December 14th, 2011
I’ve written about anti-gay activist Janice Shaw Crouse in the past. More than once, in fact. Her arguments tend to be so off-the-mark, it’s hard to decide whether she’s deliberately dishonest or just heroically incompetent.
She’s at it again. In the midst of a calm, measured, and false presentation against homosexuality, she says this, as if it were significant:
Homosexual relationships generally last only a fraction of the time that most marriages last. Very few homosexual relationships last longer than two or three years. In fact, it’s rare that they last more than one and a half years.
She doesn’t say where she got these numbers. Perhaps she doesn’t want her viewers to find out she commonly uses obsolete data in ways that piss off her sources. The problem in this case, though, is that Crouse is comparing relationships in general to marriages in particular. And if you do that, you can just as easily say:
HETEROSEXUAL relationships generally last only a fraction of the time that most marriages last. Very few HETEROSEXUAL relationships are long-term relationships.

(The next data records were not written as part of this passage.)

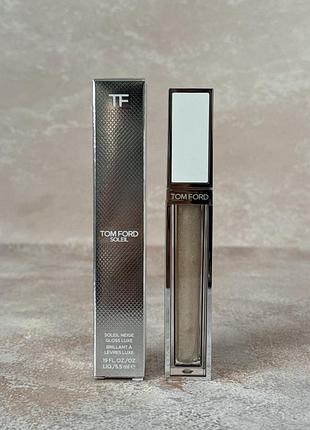 Tom ford – soleil neige gloss luxe - блиск для губ, 5.5 ml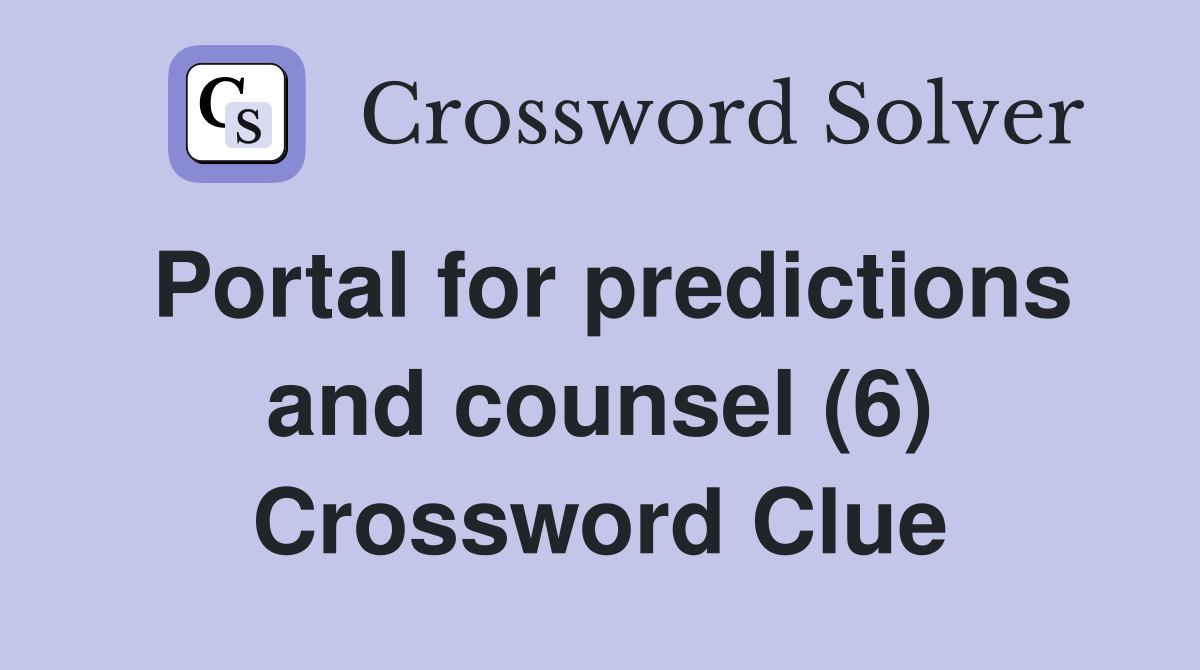 Portal for predictions and counsel (6) Crossword Clue
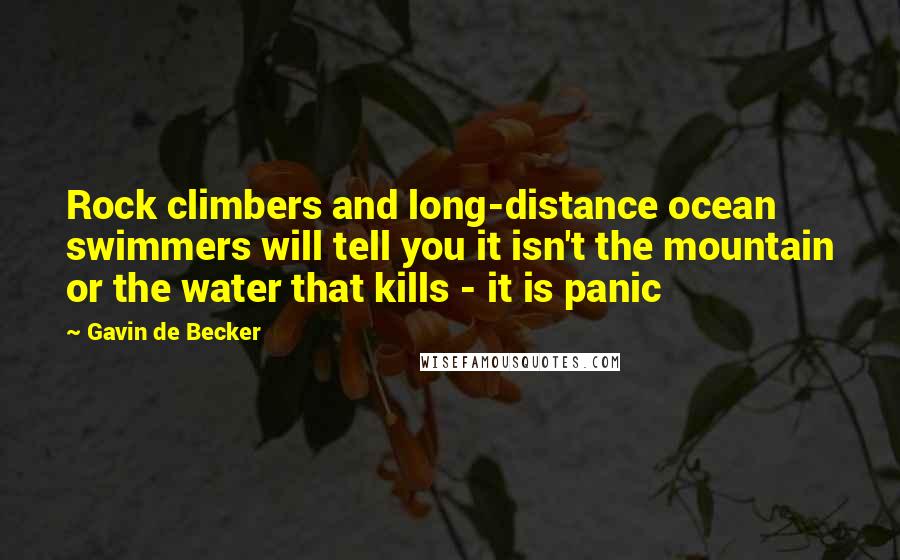 Gavin De Becker Quotes: Rock climbers and long-distance ocean swimmers will tell you it isn't the mountain or the water that kills - it is panic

Half of women don’t marry until after their 26th birthday. For men, it’s even later. And you know what? Before that, they date, having relationships that a few weeks, a few months, occasionally a few years. As a result, the great majority of their relationships don’t last as long as most marriages.

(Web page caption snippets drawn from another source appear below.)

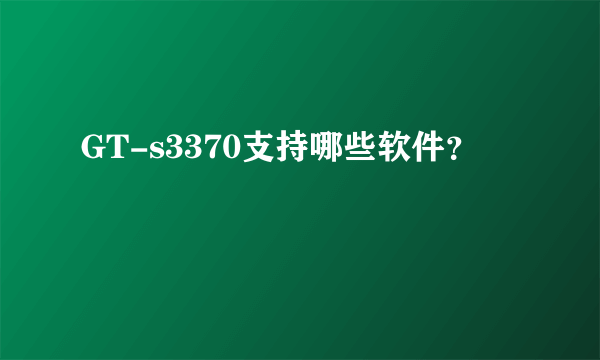 GT-s3370支持哪些软件？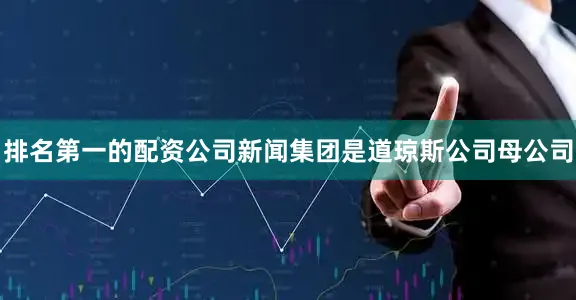 排名第一的配资公司新闻集团是道琼斯公司母公司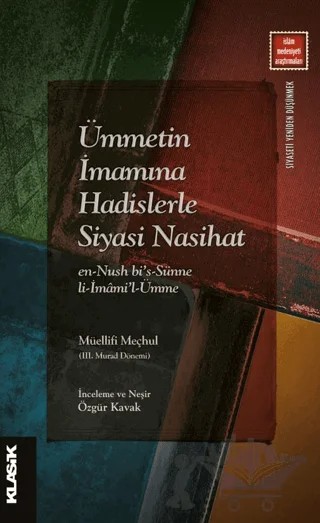Ümmetin İmamına Hadislerle Siyasi Nasihat – Müellifi Meçhul – Klasik Yayınları kitap kapağı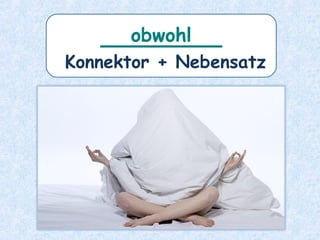 ________
Konnektor + Nebensatz
obwohl
 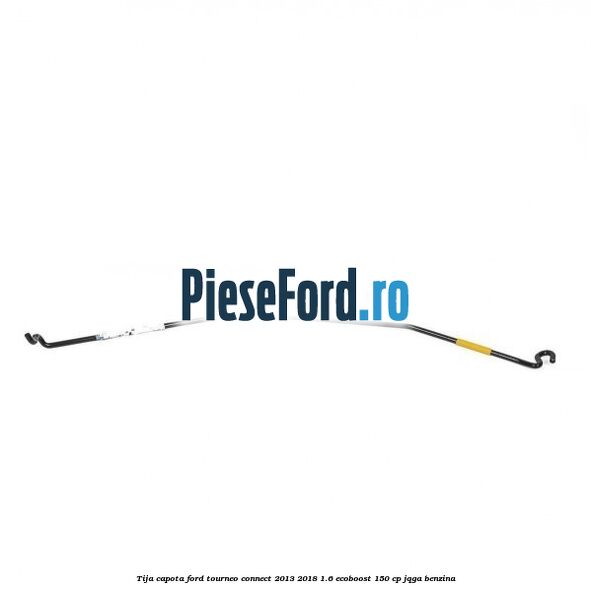 Tija capota Ford Tourneo Connect 2013-2018 1.6 EcoBoost 150 cp JQGA benzina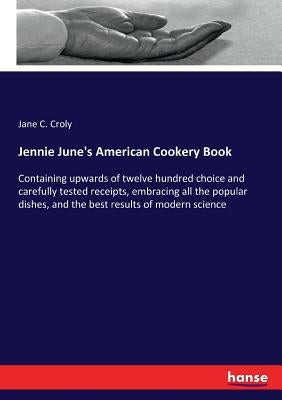 Jennie June's American Cookery Book: Containing upwards of twelve hundred choice and carefully tested receipts, embracing all the popular dishes, and by Croly, Jane C.
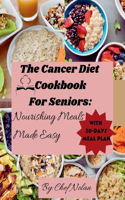 Cancer Diet Cookbook for Seniors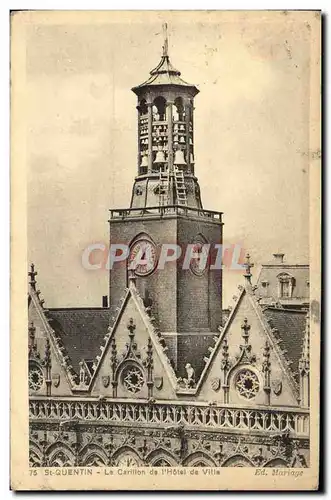 Cartes postales St Quentin Le Carillon de L Hotel de Ville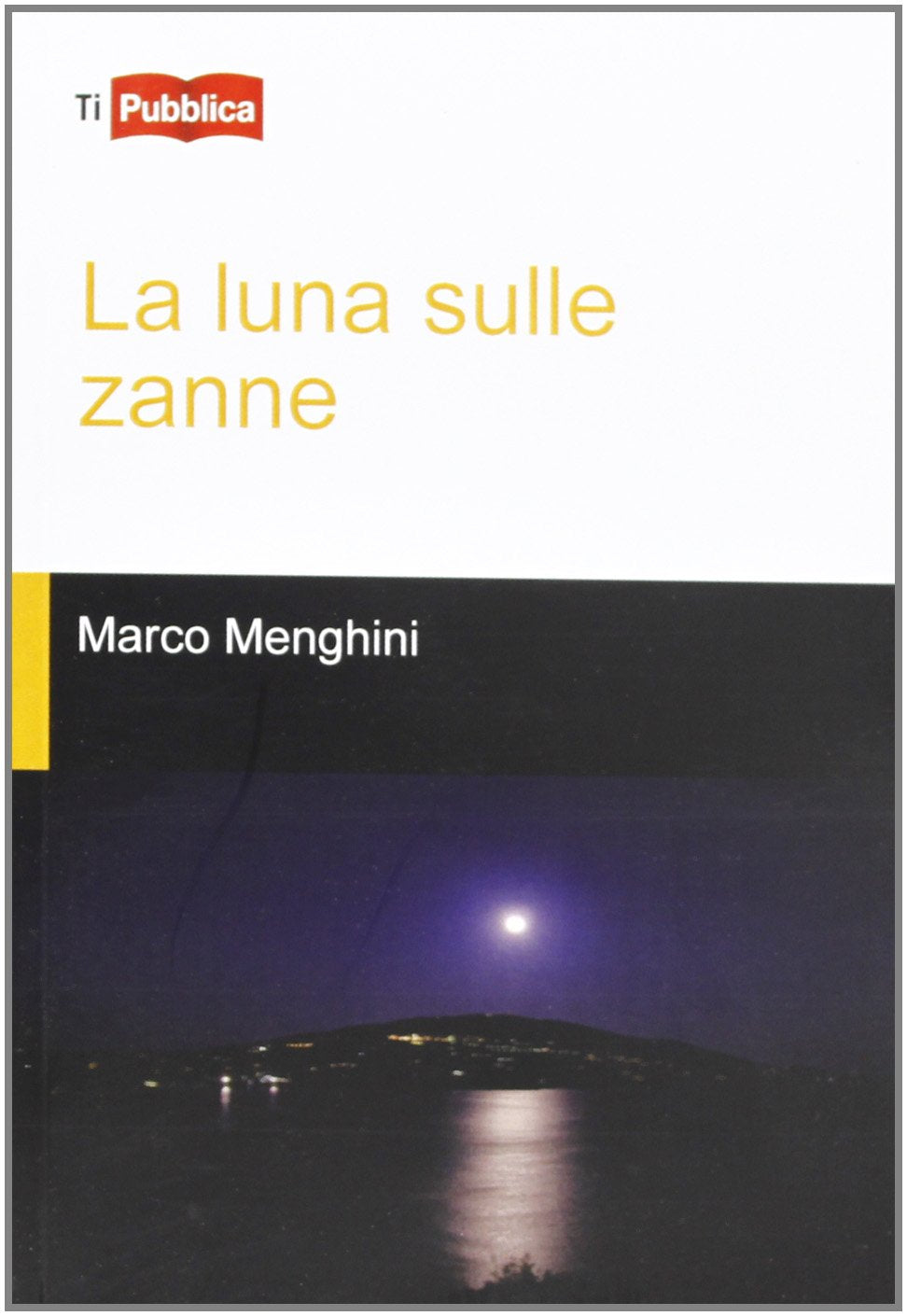 La luna sulle zanne (TiPubblica) Essays & Short Stories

How many three-month relationships can you have in your twenties? And how many twenty-year marriages can you have in your life? This isn’t about hetero/homo — it’s about arithmetic.
I’m sure Janice Shaw Crouse knows arithmetic. She’s got a Ph.D. in, well, something, and she’s a paid expert on, you know, stuff, so she ought to understand the gross error in comparing length of relationships to the length of marriages. Hell, even Herman Cain understands the difference between apples and oranges.

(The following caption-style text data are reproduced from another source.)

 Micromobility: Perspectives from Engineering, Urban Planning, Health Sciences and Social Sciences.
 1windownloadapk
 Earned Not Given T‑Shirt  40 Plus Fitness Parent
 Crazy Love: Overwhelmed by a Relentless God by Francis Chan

And that brings us back to the original question: Is she dishonest or incompetent?*
Believe it or not, I’m now leaning toward incompetence. I’m reading Thinking, Fast and Slow, by psychologist (and 2002 Nobel Prize winner in economics) Daniel Kahneman. He demonstrates that humans are bad intuitive statisticians. Instead, we makes sense of numbers by inventing causal explanations even when they don’t belong — especially if the explanations fit our pre-existing bias. Then, once our brains have come up with a story that feels coherent, we interpret all information in light of that story, avoiding or rationalizing away any contrary logic or data (the book is fascinating; I’ll be writing more about it in the next few months).
This isn’t a conservative trait or a liberal one — it’s universal and human. The only way out of it is to bump up your own self-awareness and deliberately apply some critical reasoning to your own bias-ridden intuitions. That’s hard (it’s hard for everyone) but not too much to expect from a Ph.D. writing a statement she’s planning to read on camera. Apparently, though, this is something Janice Shaw Crouse is unwilling — or unable — to do.
*I understand this is not an either/or proposition.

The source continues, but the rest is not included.